Shane Warne says Ricky Ponting always puts the team first © Getty Images
Shane Warne believes Ricky Ponting could learn something from Allan Border and Ian Chappell, two of the former captains who criticised Ponting over his tactics in the fourth Test in Nagpur. But Warne said although Ponting made some bad decisions it was important he was not hung out to dry.
"His tactics surprised me - and everyone else - because he is naturally an attacker," Warne wrote in his column in the Herald Sun. "The reason he is under pressure is that it looked like he put himself in front of the team, and that just isn't Punter. Having played with him for a long time, he was one of the guys that put the team first - always.
"If it meant throwing his wicket away in the chase for quick runs, he would do that. And there have been previous captains who would not do that. I just think he got it wrong this time and I'm sure he will be a better captain for the experience."
Ponting's decision to use part-time slow bowlers instead of his main strikers after tea on the fourth day against India drew severe criticism from a wide range of cricketing names. Ponting was particularly disappointed with the harsh words from Border and Chappell but Warne said the two men could have something to offer.
"Hopefully Ricky understands where everyone's criticism is coming from, takes it on board and does not wipe people," Warne said. "I'm sure if he thinks it through, he could do worse than ask Ian Chappell or Allan Border out for dinner and chat about it. He might just pick up something.
"Ian Chappell was the biggest influence on my cricketing career and I learnt a lot about captaincy, tactics and the game off him. Border taught me what it meant to play for Australia and showed me what toughness was. He was brilliant and he never gave up."
Warne said it was not so much the fact that Australia lost the series 2-0 but the way the team was defeated that was a concern for some of the ex-players. He said the squad appeared to lack spark, although he felt the players would lift immediately for next week's first Test against New Zealand.
Ponting also found support from his former team-mate Justin Langer, who described Ponting as one of the "most selfless people and captains I have ever played with". Langer said the poor over rate was an issue the entire squad needed to address and it was unfortunate that Ponting was being landed with the blame.
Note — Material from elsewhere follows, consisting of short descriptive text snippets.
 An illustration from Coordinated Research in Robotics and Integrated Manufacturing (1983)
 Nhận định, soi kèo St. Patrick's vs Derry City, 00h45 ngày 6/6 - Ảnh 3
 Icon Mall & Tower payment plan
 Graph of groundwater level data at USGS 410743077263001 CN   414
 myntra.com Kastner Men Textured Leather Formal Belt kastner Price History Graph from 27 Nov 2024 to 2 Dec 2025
"Anyone who suggests Ricky Ponting had any ulterior motives has absolute rocks in their head and I include in that former legends of the game who have said it because they are not reading the situation properly," Langer told the Australian. "To point the finger at the captain, who already has a dozen other things going on, is unfair and it's insanity."
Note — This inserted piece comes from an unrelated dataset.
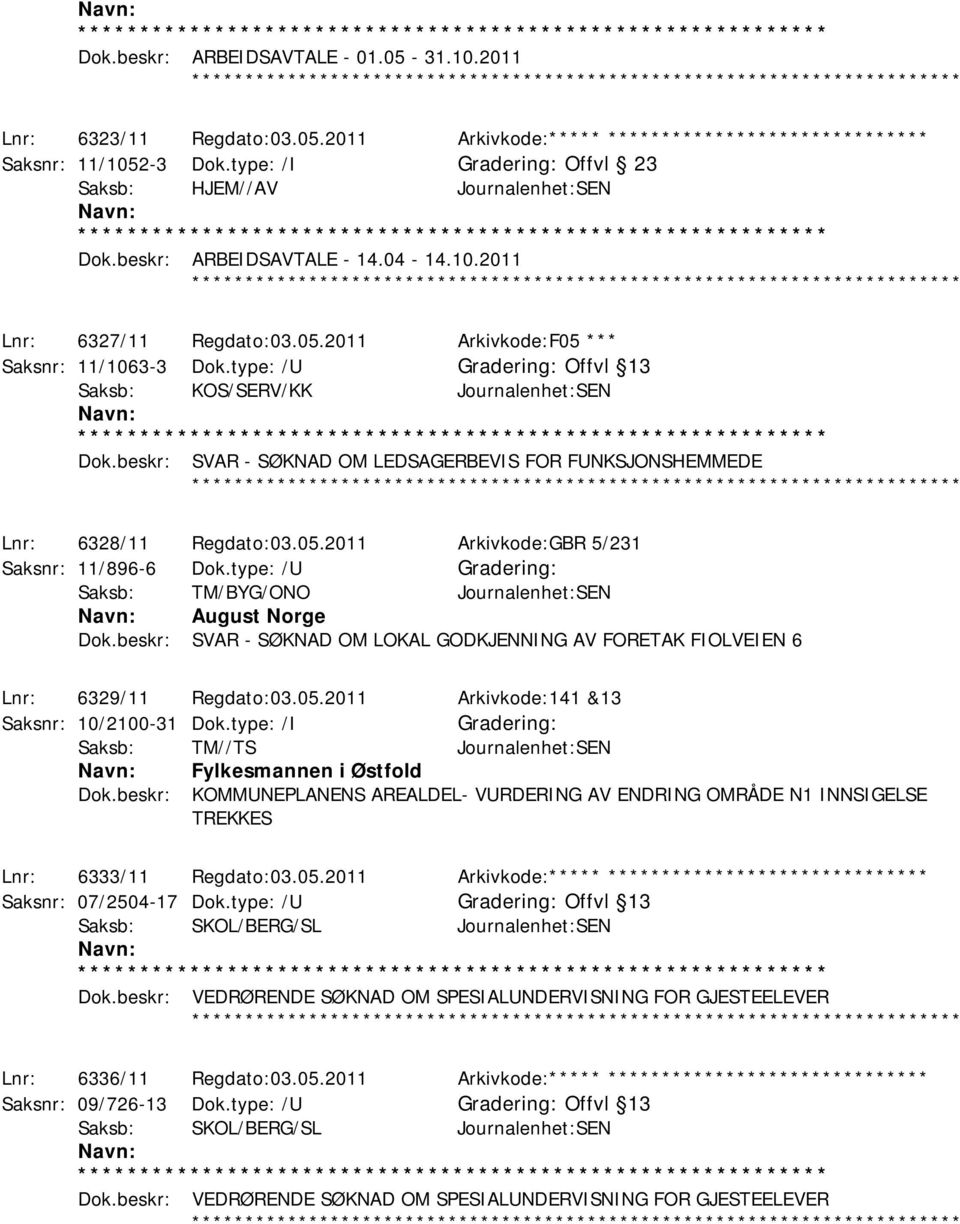 type: /U Offvl 13 Saksb: KOS/SERV/KK Journalenhet:SEN Dok.beskr: SVAR - SØKNAD OM LEDSAGERBEVIS FOR FUNKSJONSHEMMEDE ************ Lnr: 6328/11 Regdato:03.05.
Adam Gilchrist, who led Australia to their series win in India in 2004-05, declined to pass judgment on Ponting's tactics but he said there were several others in the touring party who would have contributed to the decision. "There's a coach [Tim Nielsen] and a vice-captain [Michael Clarke], Matty Hayden is an integral part of that team, and they would have all sat and discussed it," Gilchrist said on ABC radio. "Ultimately it all comes down to Ricky."